SAN VALENTINO – Era un Vescovo Valentino, si si, proprio un Vescovo! Lo sapevi? Ed è stato anche un martire! Adesso scopriremo insieme la sua vera storia. Quella ‘falsa’ di storie, ed ingannatrice per tutti, è quella che ha ridotto la festa VERA di chi per AMORE veramente ci ha rimesso la pelle, ad un semplice scambio di rose tra fidanzatini, o ad una cenetta a lume di candela in pizzeria (per la maggior parte dei ragazzi) o nel ristorante di moda (per chi se può permettere!). Talvolta è assurdo ed incredibile riuscire a comprendere come da basi solide e verità della storia e dell’esistenza, ci si possa ridurre a banalizzare così tanto il tutto, senza riuscire a vivere quei ‘respiri di infinito’ che sono davvero a due millimetri dal nostro cuore. Povero mondo! E poveri noi, abitanti e cittadini! E se comprendessimo davvero questa festa, oggi chiameremo la persona, o le persone, che davvero amiamo di più, e potremmo proporre un momento di preghiera insieme, davanti al ‘Re dell’Amore’. Ecco come si dovrebbe amare davvero, se avessimo un alto concetto di libertà!

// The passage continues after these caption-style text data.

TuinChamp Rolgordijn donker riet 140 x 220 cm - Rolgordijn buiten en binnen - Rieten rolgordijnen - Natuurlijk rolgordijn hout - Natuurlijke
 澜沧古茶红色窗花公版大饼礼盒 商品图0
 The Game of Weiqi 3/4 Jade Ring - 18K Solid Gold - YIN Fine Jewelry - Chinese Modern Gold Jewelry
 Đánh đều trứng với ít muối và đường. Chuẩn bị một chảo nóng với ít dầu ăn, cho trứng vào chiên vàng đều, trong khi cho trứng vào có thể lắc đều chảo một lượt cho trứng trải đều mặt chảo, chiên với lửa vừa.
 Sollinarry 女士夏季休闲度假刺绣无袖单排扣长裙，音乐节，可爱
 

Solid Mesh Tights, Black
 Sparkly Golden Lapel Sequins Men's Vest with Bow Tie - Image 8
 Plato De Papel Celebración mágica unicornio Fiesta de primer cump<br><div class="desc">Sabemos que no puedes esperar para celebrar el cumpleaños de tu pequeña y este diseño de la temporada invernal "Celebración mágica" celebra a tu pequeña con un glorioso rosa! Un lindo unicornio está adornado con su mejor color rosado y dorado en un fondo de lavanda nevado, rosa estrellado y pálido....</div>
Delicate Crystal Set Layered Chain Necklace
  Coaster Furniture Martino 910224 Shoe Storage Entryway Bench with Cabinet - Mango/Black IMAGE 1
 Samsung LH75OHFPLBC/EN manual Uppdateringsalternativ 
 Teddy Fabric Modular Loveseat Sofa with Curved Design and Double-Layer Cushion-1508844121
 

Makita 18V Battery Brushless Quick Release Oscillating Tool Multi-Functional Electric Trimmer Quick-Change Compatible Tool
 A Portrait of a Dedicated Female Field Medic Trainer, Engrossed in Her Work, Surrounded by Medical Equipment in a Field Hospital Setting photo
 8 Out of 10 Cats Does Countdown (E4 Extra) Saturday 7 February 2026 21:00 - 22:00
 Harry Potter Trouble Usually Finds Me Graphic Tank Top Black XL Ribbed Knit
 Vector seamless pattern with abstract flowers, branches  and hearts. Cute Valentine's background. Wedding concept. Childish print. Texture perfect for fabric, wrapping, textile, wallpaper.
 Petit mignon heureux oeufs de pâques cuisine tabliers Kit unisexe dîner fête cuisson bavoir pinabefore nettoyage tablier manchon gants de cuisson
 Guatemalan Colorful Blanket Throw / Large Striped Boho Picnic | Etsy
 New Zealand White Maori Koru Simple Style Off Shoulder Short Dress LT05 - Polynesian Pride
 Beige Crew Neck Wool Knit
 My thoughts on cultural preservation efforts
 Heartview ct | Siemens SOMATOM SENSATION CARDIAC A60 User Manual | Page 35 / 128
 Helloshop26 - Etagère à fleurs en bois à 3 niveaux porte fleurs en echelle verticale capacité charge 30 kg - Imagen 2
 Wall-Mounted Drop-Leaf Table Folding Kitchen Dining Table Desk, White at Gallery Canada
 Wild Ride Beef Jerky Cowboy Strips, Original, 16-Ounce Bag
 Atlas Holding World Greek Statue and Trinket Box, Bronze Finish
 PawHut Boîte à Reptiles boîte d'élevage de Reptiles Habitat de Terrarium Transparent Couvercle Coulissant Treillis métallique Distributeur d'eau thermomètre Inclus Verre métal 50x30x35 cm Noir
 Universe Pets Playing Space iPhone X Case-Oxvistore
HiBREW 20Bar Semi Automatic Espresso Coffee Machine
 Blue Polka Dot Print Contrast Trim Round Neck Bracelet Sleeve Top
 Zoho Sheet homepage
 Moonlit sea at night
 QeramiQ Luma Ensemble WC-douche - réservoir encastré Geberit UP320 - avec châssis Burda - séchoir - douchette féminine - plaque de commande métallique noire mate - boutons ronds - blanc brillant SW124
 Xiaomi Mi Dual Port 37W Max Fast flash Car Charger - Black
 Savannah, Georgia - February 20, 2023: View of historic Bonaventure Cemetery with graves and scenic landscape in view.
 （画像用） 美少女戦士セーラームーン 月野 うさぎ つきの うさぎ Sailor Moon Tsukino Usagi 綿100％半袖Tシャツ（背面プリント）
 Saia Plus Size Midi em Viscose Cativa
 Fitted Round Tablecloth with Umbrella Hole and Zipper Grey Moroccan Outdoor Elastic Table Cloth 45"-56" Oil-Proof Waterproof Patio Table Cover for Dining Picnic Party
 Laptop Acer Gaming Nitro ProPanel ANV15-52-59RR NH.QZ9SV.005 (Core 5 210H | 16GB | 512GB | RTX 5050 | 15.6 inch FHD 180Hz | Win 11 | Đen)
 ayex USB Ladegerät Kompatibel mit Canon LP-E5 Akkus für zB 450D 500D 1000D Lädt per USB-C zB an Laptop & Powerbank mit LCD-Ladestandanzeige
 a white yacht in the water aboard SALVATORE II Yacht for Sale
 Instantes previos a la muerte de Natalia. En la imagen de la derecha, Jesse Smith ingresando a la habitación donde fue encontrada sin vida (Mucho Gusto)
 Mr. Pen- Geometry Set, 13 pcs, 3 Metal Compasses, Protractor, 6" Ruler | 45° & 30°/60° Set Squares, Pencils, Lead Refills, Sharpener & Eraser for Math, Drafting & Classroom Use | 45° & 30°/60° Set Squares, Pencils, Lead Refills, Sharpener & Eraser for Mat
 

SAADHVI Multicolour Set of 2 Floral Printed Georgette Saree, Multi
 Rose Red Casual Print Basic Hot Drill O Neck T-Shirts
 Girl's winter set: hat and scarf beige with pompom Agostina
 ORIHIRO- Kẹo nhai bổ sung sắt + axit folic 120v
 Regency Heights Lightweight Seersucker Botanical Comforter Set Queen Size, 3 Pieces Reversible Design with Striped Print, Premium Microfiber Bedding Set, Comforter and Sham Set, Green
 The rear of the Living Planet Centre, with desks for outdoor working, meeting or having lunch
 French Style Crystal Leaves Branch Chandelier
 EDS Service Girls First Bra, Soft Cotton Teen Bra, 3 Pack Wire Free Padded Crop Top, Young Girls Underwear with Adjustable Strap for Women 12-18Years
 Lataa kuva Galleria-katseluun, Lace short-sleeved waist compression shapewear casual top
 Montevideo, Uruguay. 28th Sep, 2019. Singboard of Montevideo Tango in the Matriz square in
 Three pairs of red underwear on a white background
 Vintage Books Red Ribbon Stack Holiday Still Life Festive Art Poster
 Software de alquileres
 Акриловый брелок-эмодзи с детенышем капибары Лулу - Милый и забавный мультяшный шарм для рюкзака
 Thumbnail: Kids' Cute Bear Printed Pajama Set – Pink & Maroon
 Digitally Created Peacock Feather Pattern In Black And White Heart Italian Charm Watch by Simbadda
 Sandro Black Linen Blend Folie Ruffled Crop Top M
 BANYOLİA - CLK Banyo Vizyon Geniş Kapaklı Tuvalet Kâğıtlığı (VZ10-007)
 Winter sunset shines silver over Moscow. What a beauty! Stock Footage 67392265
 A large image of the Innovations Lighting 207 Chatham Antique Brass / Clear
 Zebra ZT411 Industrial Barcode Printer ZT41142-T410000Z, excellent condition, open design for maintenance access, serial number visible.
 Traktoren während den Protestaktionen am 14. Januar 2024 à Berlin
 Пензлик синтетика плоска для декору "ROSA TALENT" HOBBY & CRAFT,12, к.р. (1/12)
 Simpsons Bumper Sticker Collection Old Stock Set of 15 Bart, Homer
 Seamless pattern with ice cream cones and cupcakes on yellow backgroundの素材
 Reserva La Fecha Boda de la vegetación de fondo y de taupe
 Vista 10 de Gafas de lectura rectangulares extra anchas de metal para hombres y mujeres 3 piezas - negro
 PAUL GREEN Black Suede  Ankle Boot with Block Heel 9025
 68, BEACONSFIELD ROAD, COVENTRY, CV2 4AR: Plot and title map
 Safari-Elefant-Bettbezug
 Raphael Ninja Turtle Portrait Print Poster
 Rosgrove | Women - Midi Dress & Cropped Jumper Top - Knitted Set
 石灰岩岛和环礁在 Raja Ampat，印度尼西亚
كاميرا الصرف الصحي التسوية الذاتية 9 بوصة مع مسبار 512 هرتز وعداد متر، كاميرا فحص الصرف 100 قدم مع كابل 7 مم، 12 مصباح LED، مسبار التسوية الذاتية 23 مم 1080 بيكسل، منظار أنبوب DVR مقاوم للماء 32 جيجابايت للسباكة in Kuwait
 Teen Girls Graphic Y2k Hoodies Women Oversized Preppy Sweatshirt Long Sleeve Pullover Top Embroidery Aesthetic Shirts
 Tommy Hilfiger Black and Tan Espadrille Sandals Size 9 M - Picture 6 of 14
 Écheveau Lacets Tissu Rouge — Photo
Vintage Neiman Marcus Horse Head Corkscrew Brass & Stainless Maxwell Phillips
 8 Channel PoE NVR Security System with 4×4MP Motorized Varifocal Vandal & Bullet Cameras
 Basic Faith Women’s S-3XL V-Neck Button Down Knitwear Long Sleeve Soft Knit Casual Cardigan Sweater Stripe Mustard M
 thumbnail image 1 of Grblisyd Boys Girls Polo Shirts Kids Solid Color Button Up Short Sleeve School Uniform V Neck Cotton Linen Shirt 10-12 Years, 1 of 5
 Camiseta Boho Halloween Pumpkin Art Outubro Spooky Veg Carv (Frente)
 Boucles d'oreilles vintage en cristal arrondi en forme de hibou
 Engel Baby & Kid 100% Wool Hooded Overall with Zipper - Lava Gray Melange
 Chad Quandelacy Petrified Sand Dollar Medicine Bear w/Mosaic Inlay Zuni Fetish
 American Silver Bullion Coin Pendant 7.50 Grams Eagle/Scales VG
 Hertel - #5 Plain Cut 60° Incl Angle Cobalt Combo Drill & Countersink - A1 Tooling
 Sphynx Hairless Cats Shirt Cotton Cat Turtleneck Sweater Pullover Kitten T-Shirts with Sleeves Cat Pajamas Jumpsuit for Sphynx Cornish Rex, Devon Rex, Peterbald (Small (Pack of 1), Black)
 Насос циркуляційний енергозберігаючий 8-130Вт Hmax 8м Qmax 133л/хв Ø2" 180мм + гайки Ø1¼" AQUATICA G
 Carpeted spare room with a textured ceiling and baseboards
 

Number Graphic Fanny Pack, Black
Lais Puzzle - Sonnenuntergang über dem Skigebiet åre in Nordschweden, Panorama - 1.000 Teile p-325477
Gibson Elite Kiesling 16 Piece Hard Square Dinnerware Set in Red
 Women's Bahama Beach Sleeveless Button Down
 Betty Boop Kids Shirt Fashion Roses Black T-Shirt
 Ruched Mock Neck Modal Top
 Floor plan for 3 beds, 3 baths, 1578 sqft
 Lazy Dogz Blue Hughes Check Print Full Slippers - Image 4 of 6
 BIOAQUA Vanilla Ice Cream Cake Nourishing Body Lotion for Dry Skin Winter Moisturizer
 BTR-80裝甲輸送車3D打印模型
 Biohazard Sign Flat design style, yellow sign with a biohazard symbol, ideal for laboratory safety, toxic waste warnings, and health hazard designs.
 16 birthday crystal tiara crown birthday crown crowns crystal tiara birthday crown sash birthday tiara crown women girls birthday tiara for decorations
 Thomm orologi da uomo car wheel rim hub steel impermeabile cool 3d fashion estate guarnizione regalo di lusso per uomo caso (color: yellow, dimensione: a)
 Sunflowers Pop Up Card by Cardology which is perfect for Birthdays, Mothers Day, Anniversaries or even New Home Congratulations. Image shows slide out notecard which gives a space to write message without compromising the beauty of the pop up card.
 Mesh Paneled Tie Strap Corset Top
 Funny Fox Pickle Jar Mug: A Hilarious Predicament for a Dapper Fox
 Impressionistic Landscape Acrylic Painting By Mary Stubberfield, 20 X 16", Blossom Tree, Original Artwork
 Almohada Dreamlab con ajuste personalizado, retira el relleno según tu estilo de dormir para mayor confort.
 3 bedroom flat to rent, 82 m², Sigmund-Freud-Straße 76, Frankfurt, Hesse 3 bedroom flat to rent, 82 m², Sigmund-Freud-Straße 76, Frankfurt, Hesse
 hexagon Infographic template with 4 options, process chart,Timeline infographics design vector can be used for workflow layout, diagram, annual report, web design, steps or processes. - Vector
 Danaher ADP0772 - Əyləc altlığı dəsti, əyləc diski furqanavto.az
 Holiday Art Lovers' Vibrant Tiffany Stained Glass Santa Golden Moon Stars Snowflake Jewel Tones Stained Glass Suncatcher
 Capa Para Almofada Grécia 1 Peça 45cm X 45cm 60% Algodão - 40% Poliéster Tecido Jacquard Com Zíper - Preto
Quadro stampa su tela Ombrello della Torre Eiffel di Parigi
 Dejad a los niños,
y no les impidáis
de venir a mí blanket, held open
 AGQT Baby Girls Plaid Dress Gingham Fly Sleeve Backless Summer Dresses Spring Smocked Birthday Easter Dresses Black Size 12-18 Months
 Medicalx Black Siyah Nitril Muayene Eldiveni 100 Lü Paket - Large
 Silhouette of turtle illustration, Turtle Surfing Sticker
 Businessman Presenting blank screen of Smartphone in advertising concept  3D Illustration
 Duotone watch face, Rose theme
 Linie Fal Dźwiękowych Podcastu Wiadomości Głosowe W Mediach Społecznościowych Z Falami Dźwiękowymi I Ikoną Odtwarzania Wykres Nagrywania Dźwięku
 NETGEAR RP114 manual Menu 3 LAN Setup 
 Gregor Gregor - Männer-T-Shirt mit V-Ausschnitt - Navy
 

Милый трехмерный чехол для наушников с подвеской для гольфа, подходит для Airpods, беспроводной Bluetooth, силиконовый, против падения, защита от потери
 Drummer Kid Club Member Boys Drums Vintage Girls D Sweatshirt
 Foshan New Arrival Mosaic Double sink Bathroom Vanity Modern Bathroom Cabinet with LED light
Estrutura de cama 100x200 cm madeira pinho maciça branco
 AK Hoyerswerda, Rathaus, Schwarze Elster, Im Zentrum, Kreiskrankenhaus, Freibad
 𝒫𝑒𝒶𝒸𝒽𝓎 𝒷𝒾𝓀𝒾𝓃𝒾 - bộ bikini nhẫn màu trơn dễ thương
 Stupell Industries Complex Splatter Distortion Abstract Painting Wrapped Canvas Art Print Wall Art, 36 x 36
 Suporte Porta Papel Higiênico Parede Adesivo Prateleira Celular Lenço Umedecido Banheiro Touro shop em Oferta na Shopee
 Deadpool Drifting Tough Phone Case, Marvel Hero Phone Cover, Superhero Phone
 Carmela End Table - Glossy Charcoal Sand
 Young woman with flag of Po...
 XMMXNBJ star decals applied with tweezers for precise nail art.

La più antica notizia di S.Valentino è in un documento ufficiale della Chiesa dei secc.V-VI dove compare il suo anniversario di morte. Ancora nel sec. VIII un altro documento ci narra alcuni particolari del martirio: la tortura, la decapitazione notturna, la sepoltura ad opera dei discepoli Proculo, Efebo e Apollonio, successivo martirio di questi e loro sepoltura. Altri testi del sec. VI, raccontano che S.Valentino, cittadino e vescovo di Terni dal 197, divenuto famoso per la santità della sua vita, per la carità ed umiltà, per lo zelante apostolato e per i miracoli che fece, venne invitato a Roma da un certo Cratone, oratore greco e latino, perché gli guarisse il figlio infermo da alcuni anni. Guarito il giovane, lo convertì al cristianesimo insieme alla famiglia ed ai greci studiosi di lettere latine Proculo, Efebo e Apollonio, insieme al figlio del Prefetto della città. Imprigionato sotto l’Imperatore Aureliano fu decollato a Roma. Era il 14 febbraio 273. Il suo corpo fu trasportato a Terni al LXIII miglio della Via Flaminia. Fu tra i primi vescovi di Terni, consacrato da S.Feliciano vescovo di Foligno nel 197. Preceduto da S.Pellegrino e S.Antimo, fratello dei SS.Cosma e Damiano.